En fait, je pense que l'ORM ne devrait pas éliminer les colonnes qui ont été modifiées ( mais pas changées ), car cette optimisation a d'étranges effets secondaires.

Tenez compte des éléments suivants dans le pseudo-code:

# Initial Data does not make sense
# should be either "Harvey Dent" or "Two Face"

id: 1, firstname: "Two Face", lastname: "Dent"

session1.start
session2.start

session1.firstname = "Two"
session1.lastname = "Face"
session1.save

session2.firstname = "Harvey"
session2.lastname = "Dent"
session2.save

Le résultat si l'ORM devait "Optimiser" la modification sans changement:

id: 1, firstname: "Harvey", lastname: "Face"

Résultat si l'ORM a envoyé toutes les modifications au serveur:

id: 1, firstname: "Harvey", lastname: "Dent"

Le cas de test repose ici sur l' repeatable-readisolement (MySQL par défaut), mais une fenêtre de temps existe également pour l' read-committedisolement où la lecture de session2 a lieu avant la validation de session1.

En d'autres termes: l'optimisation n'est sûre que si vous émettez un SELECT .. FOR UPDATEpour lire les lignes suivi d'un UPDATE. SELECT .. FOR UPDATEn'utilise pas MVCC et lit toujours la dernière version des lignes.

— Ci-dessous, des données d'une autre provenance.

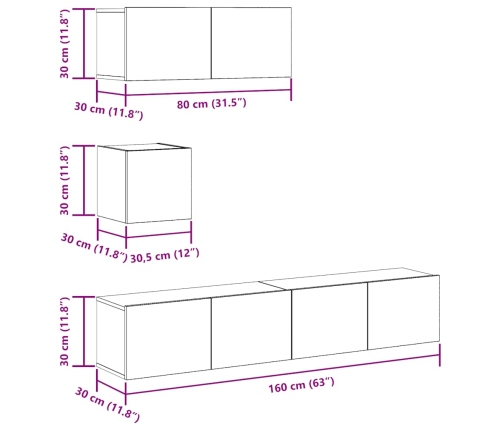 Conjunto de mueble de TV 4 piezas montado la pared madera vieja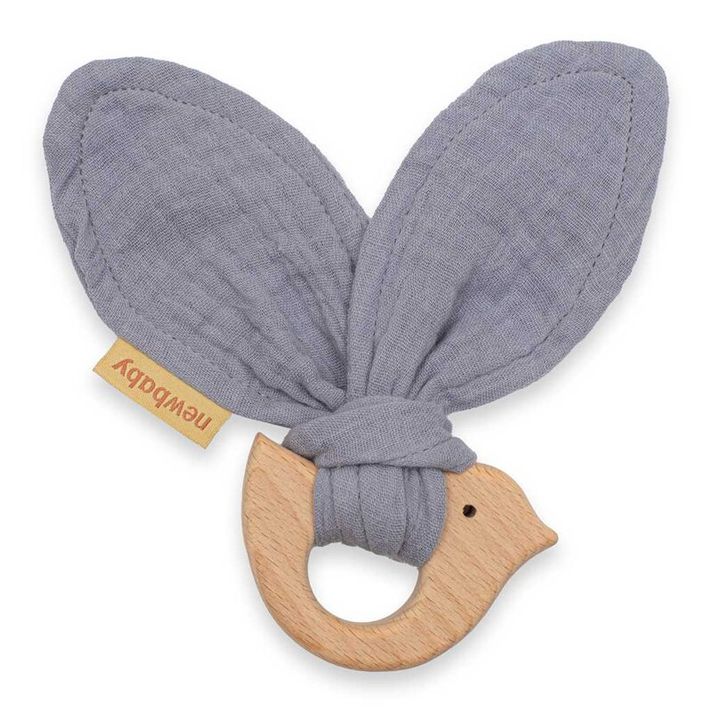 NEW BABY - Teether pentru copii cu o pasăre Bird grey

Modifier: Assurez-vous que l'ensemble de données du scénario de test était à 100% en mémoire. Résultats de synchronisation ajustés.

Morgan Tocker
la source
Merci pour l'explication. C'est aussi mon intuition. Je pense que la base de données vérifiera à la fois la ligne de la page de données et tous les index associés. Si la colonne est très grande ou s'il y a des tonnes d'index impliqués, la surcharge pourrait devenir perceptible. Mais pour la plupart des situations, lorsque vous utilisez des types de colonnes compactes et autant d'index que nécessaire, je suppose que la surcharge pourrait être moins que de ne pas bénéficier de la mise en cache des instructions ou d'avoir moins de chances de regrouper l'instruction.
Vlad Mihalcea
1
@VladMihalcea attention, la réponse concerne MySQL. Les conclusions peuvent ne pas être les mêmes dans différents SGBD.
ypercubeᵀᴹ
@ypercube J'en suis conscient. Tout dépend du SGBDR.